Once the findings are finalized, the EPA will then be required to develop regulatory standards for new motor vehicles under Section 202 of the Act. As a practical matter, the EPA will also have to prepare to regulate greenhouse gas emissions under other portions of the act, as the relevant endangerment findings necessary to trigger such regulation are effectively identical to that which triggers motor vehicle emission regulation under Section 202. Even if the EPA sought to resist such regulation, it would be relatively easy to force the EPA's hand through additional citizen suits, much like the suits that set the EPA on this course in the first place.

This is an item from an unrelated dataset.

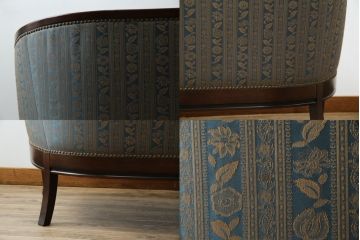 中古　maruni(マルニ木工)　KENT-COURT(ケントコート)　随所に施された上品な意匠が魅力的な二人掛けソファ(2P、2人掛け、ラブソファ、アームソファ)(R-078094)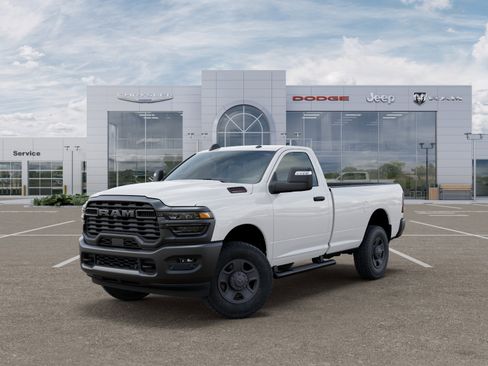New 2026 RAM 2500 Tradesman AWD/4WD image 28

Now that the EPA is on course to set greenhouse gas emission standards for new motor vehicles, it will be interesting to see how the Agency handles California's request for a Clean Air Act waiver for its own state-level vehicle emission standards. One of California's arguments was that it was particularly concerned about (and threatened by) climate change, and thus wanted to adopt its own regulations. But if the EPA is going to set national greenhouse gas emission standards, it is not clear why California should be able to have standards of its own. The automakers, for their part, will certainly argue that a single federal standard is more efficient and will impose fewer costs on consumers. Furthermore, given the global nature of climate change, the argument for allowing an individual state to go its own way is much weaker than where environmental concerns are more localized. And, if the new federal standard ends up being as stringent as those developed by California, the waiver issue would be moot.

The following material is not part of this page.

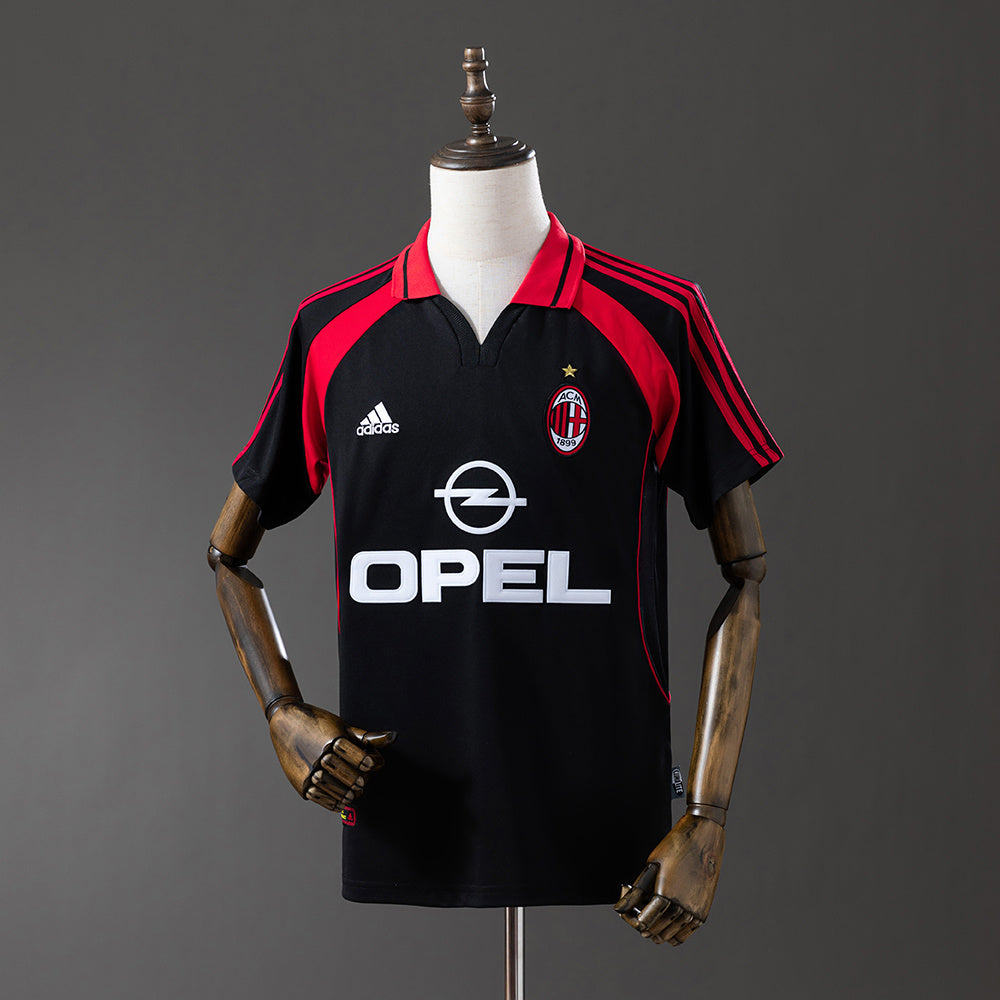Camiseta retro AC Milan 2000/01 segunda equipación blanca negra Shevchenko – Cortita y al Pie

Regulating greenhouse gases under the Clean Air Act will not be a particularly cost-effective way to reduce the nation's greenhouse gas emissions. The EPA and White House understand this, but they also recognize that, under Massachusetts v. EPA, the agency does not have much choice. Moreover, the threat of Clean Air Act regulations on greenhouse gases will create significant pressure upon Congress to replace such regulation with some alternative, such as the cap-and-trade program. I suspect this is one reason the Administration has not complained too much about Congress refusal to embrace cap-and-trade in the budget. It's okay to set climate policy aside now, they could reckon, as there will be significantly more political pressure to act on the issue later. Perhaps by then there will also be greater political willingness to consider alternatives to cap-and-trade.